During a recent panel discussion at Game Developers Conference 2014 called "Rulebooks on Fire: Looking at the Impact of Indies on the Voice Industry," industry talents discussed the advantages of voice actors and how they're cast. David Chan, audio director at Hinterland Studios — creator of the upcoming post-apocalyptic survival game The Long Dark — believes it's important for smaller games to form some kind of emotional connection.
"I think that voiceover in the context of indie games can actually make or break it, because that's where ... if you didn't have that character and you just had text on a screen or something like that, I don't think you would get the emotional connection to the game," Chan said.
"I'm not saying that it always has to be there.
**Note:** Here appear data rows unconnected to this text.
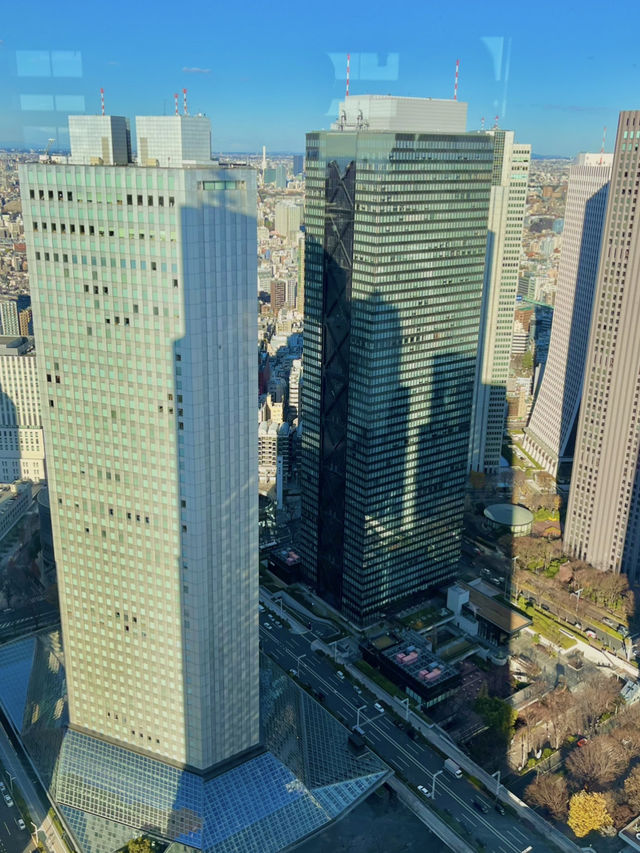🌃 도쿄의 낮과 밤, 어디가 더 좋을까? ✨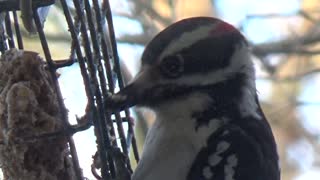 Woodpecker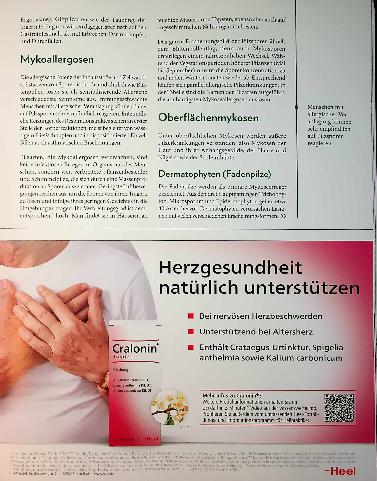 Vorschauseite 4: Ungebetene Mitbewohner Mykosen erkennen und therapieren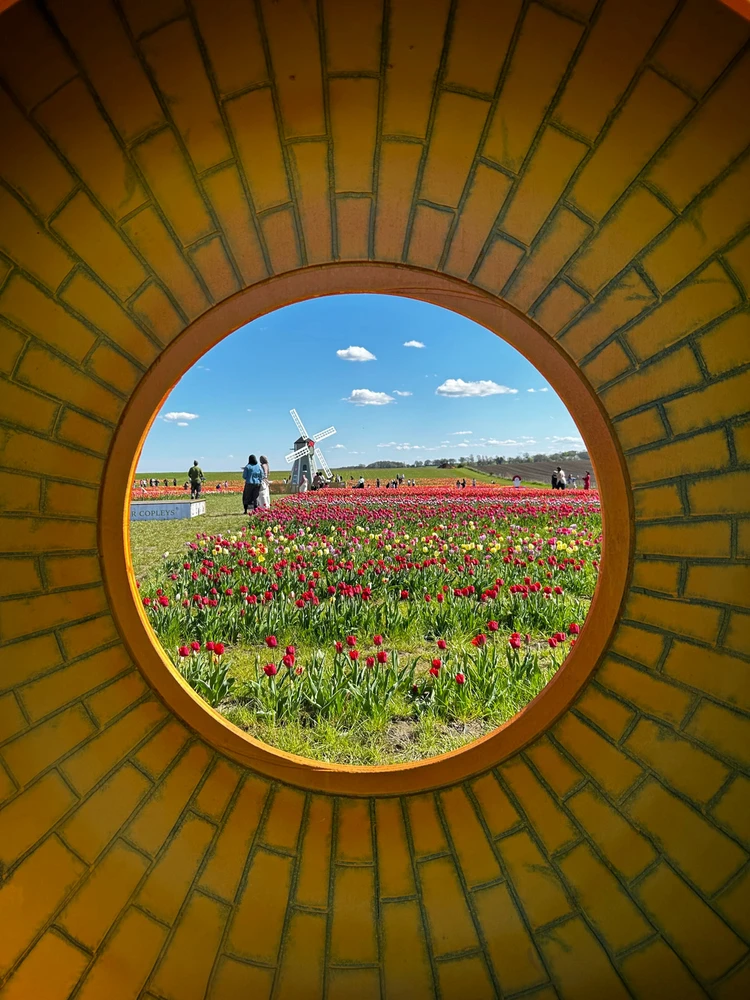 Gambar diunggah dening Shelley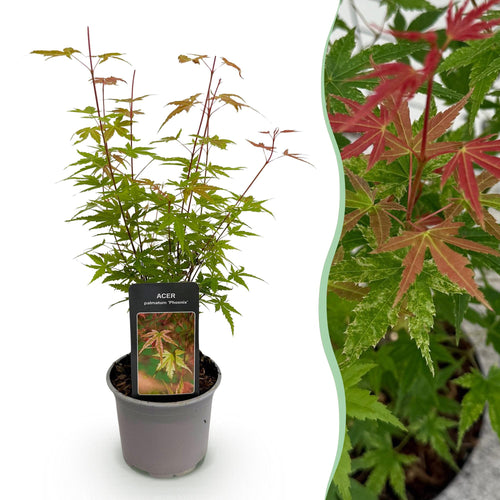 Acer palmatum Phoenix, 35 cm hoog, compacte plant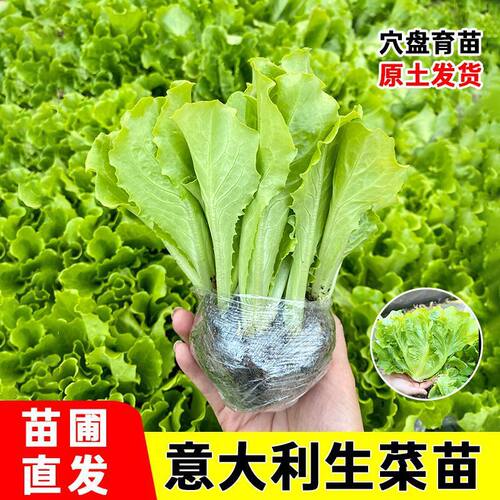 New Italian lettuce seedlings with seedlings, fresh and col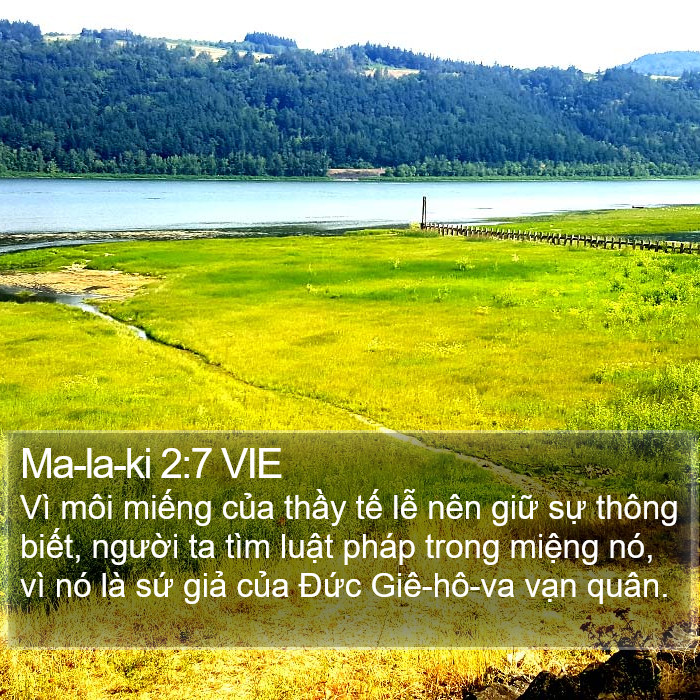 Ma-la-ki 2:7 VIE Bible Study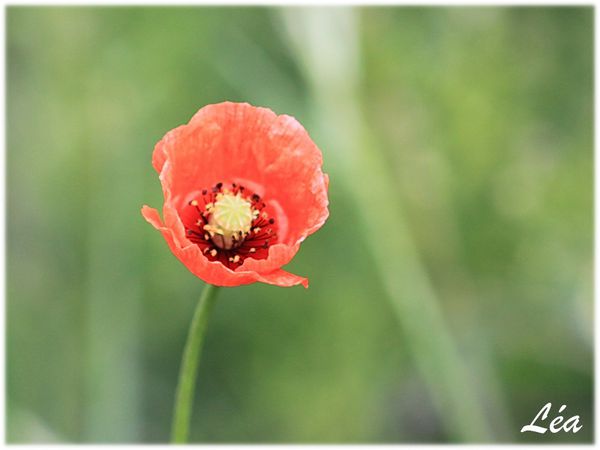 Fleurs-2-6508-coquelicot.jpg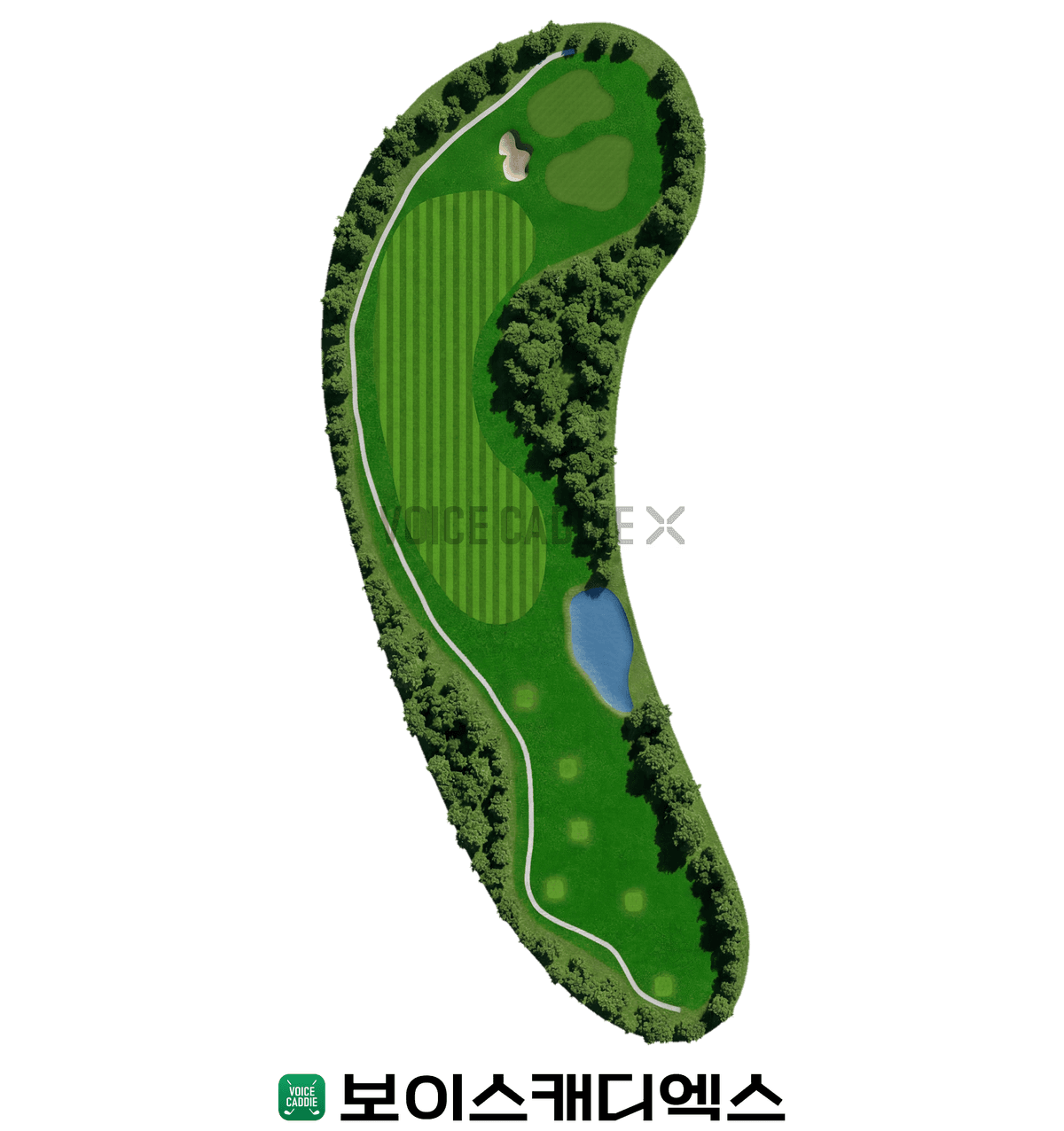 Course 코스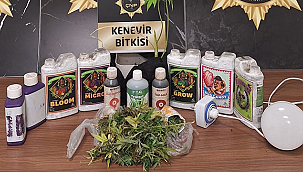 ÇANAKKALE'DE HUZUR UYGULAMALARI: 25 ARANAN ŞAHIS YAKALANDI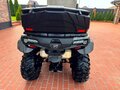 2021 CFMoto CFORCE 800 HO EPS, серый, 1050000 рублей - вид 6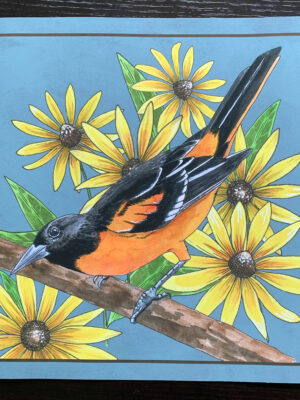 Baltimore oriole and wildflower illustration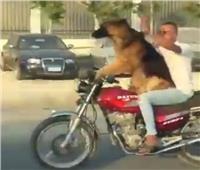 كلب يقود دراجة نارية على طريق سريع .. فيديو
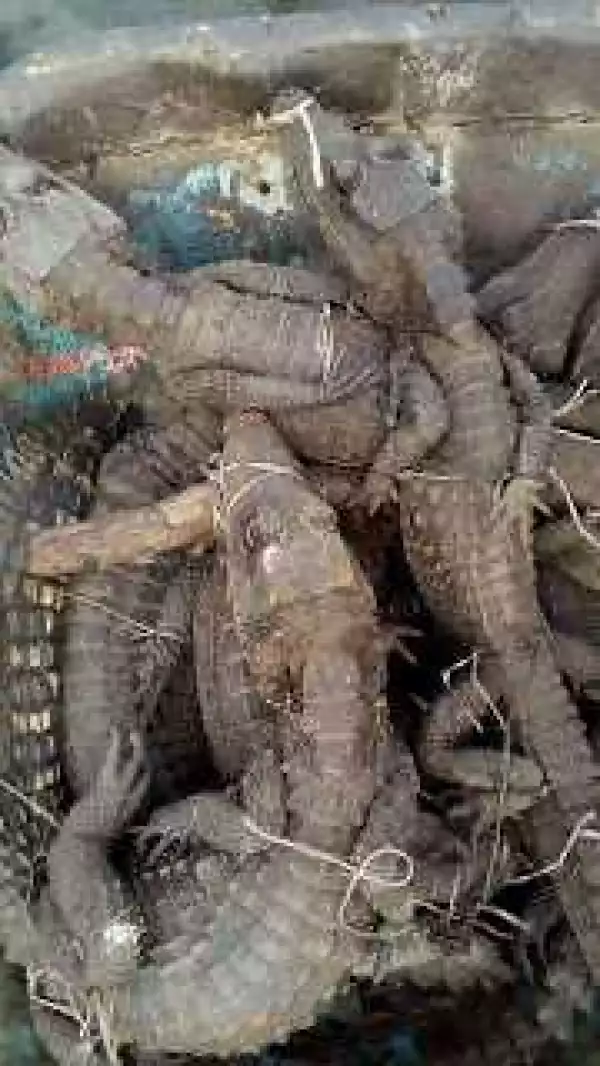 Photos : See dozen of edible crocodiles killed by a man in bayelsa state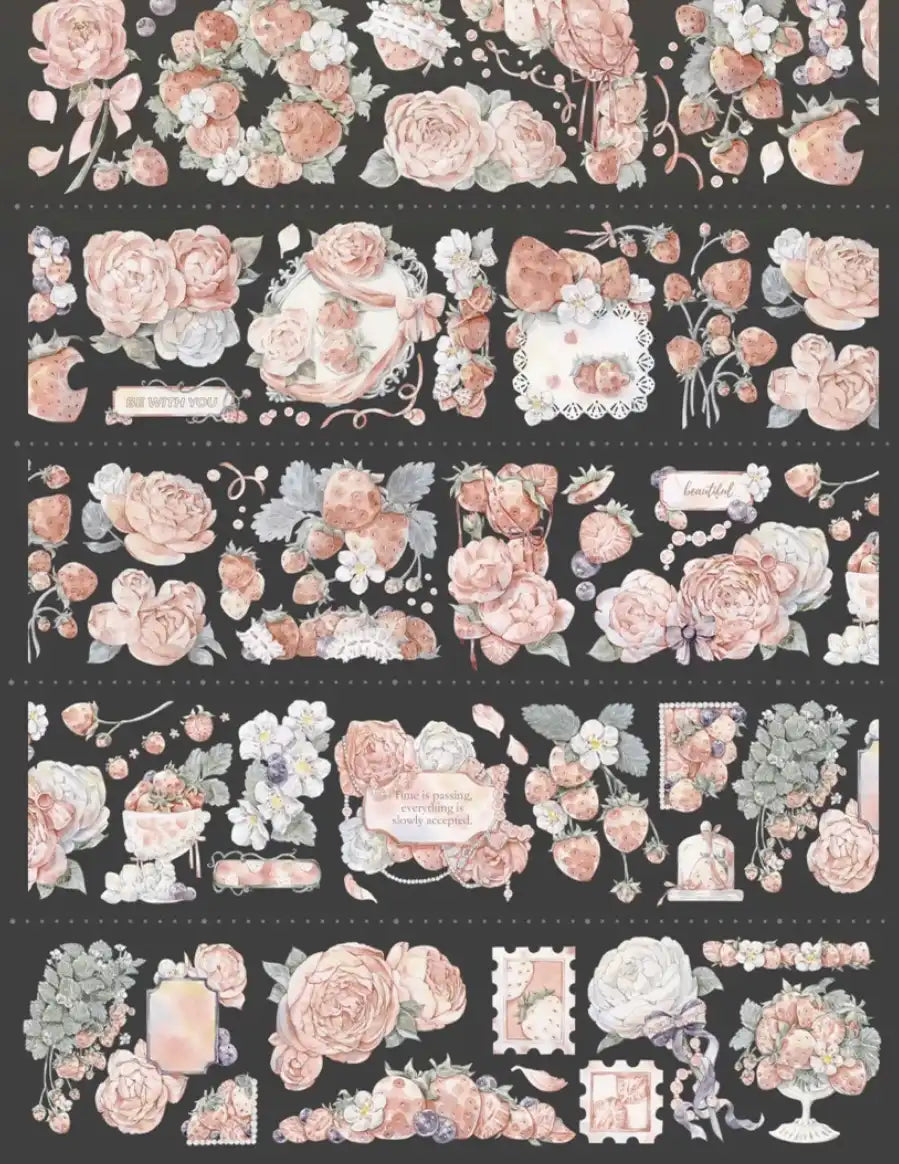 3581-HASISO Studio-6x100cm Shell Luster PET Tape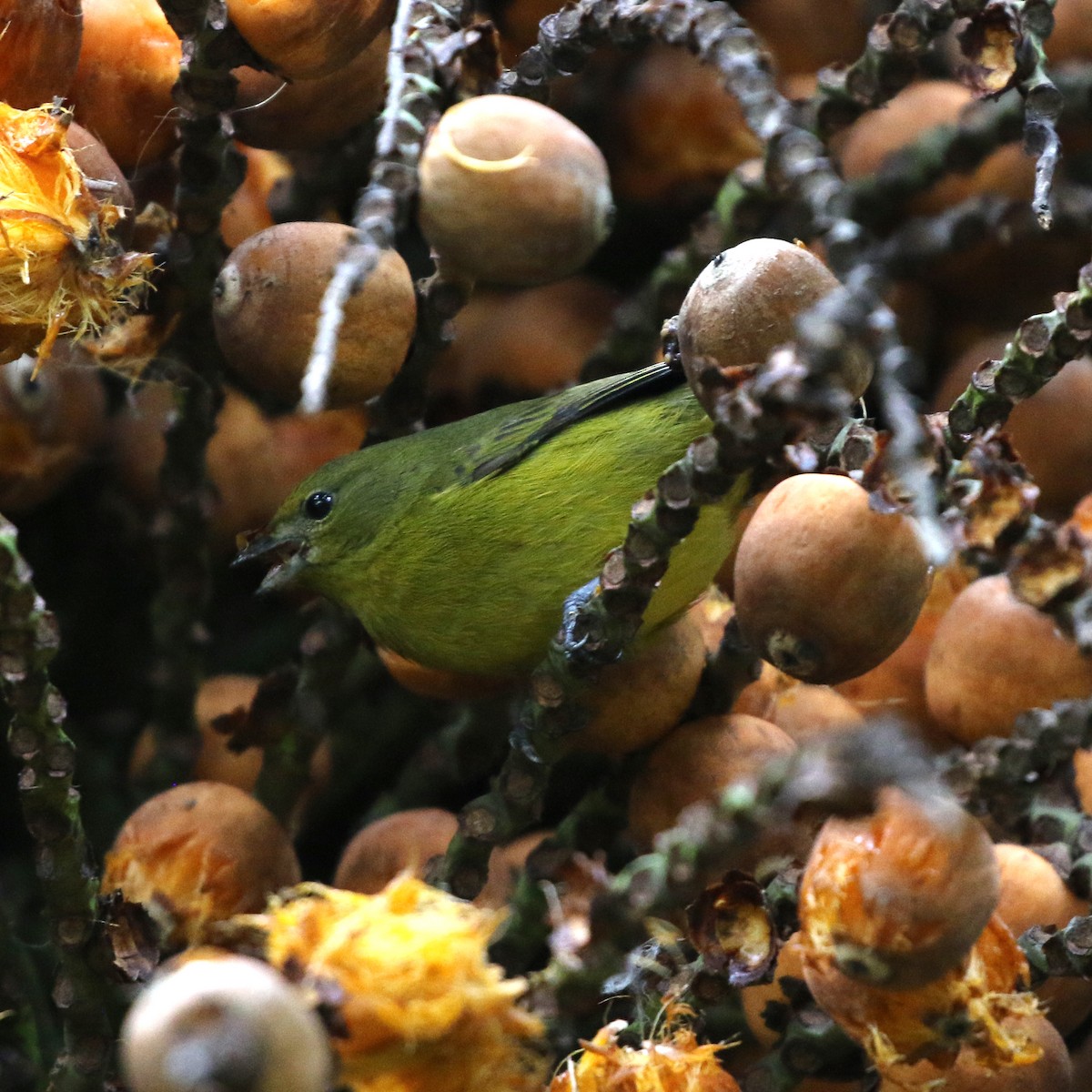 Violaceous Euphonia - ML638012778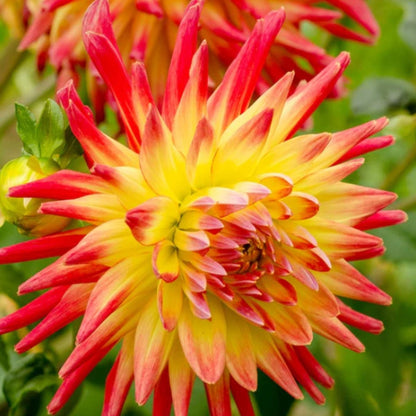 Dahlia Delight Mix - Dahlia Hybrid - Oldboy&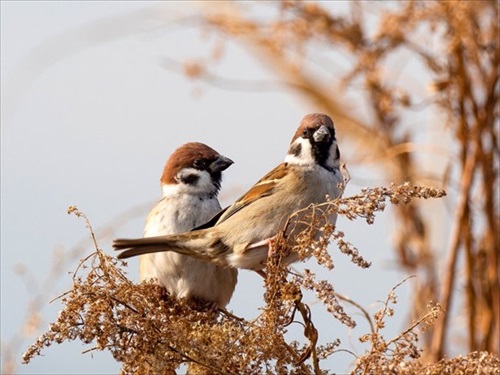 2羽のスズメ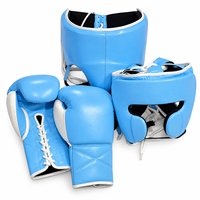 Ensemble de protection pour boxe et sparring, modèle dernier cri, couleur bleu ciel, comprenant gants, protège-tête, protège-génitales, kit d'entraînement et équipement de protection MMA.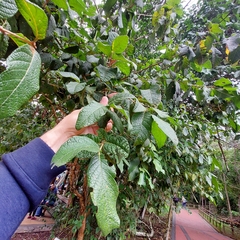 Campomanesia guazumifolia
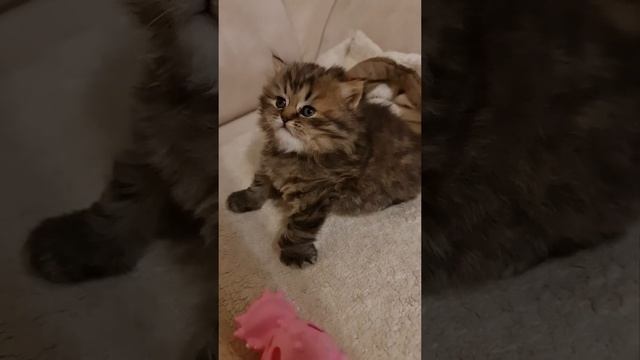 шотландский котёнок скотиш хайленд страйт девочка смотреть онлайн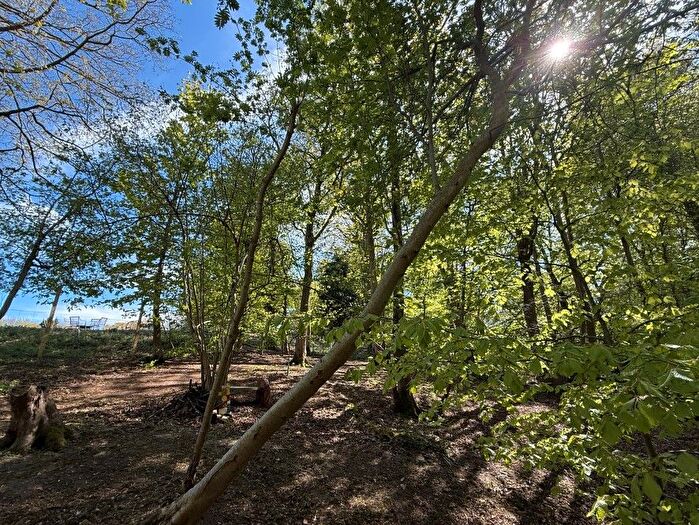 Land For Sale In Muchness Woods, Sheringwood, Beeston Regis, Norfolk, NR26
Journey is a perfect example of a game that didn't necessarily need voiceovers to make it happen, but I think that if you're doing a story-based game with a narrative then it's incredibly important. "
According to co-founder of The Fullbright Company Steve Gaynor, voice acting played an especially big role in their award-winning debut title, Gone Home.
"In our game, it was very important because Gone Home doesn't have any characters onscreen," Gaynor said. "Sam Greenbriar, the main character in the story — your human connection to the game is her voice ... Finding the right voice for our game was super, super important.
However, the developer added, each indie title is different. Some games, like the critically acclaimed Papers, Please, requires no major voice acting at all. The need varies from title to title, he said.
"Trust your projects."
Speaking about how developers find voice actors, Gaynor said that he and his team took a more traditional approach with Gone Home. The developer values face-to-face time with actors and the collaborative process of working through lines. Chan, meanwhile, explained that he draws from a large pool of actors met over the years, or improv actors. Chan said that despite whatever talent projects may attract, however, he still looks for actors that will ultimately fit the role.
The audio director touched briefly on his casting of Jennifer Hale — one of the panel's other members — and Mark Meer (who provided the voices of female and male Commander Shepard in Mass Effect, respectively) for The Long Dark. Although a "well-known" actor was in the running for the voice of William Mackenzie, Meer was ultimately chosen for being a better fit for the character.
"I firmly believe that our casting decisions are not made by what we want to do in terms of publicity," Chan said.
Hale added that developers should ultimately have faith in their original vision.
"Trust your projects," Hale said.
The actress said that it's that kind of passion that keeps her interested in the gaming — along with its "cutting edge" nature and creativity.
"It's acting like no other form," Hale said. "I always tell people that it's acting on steroids because it's in the moment."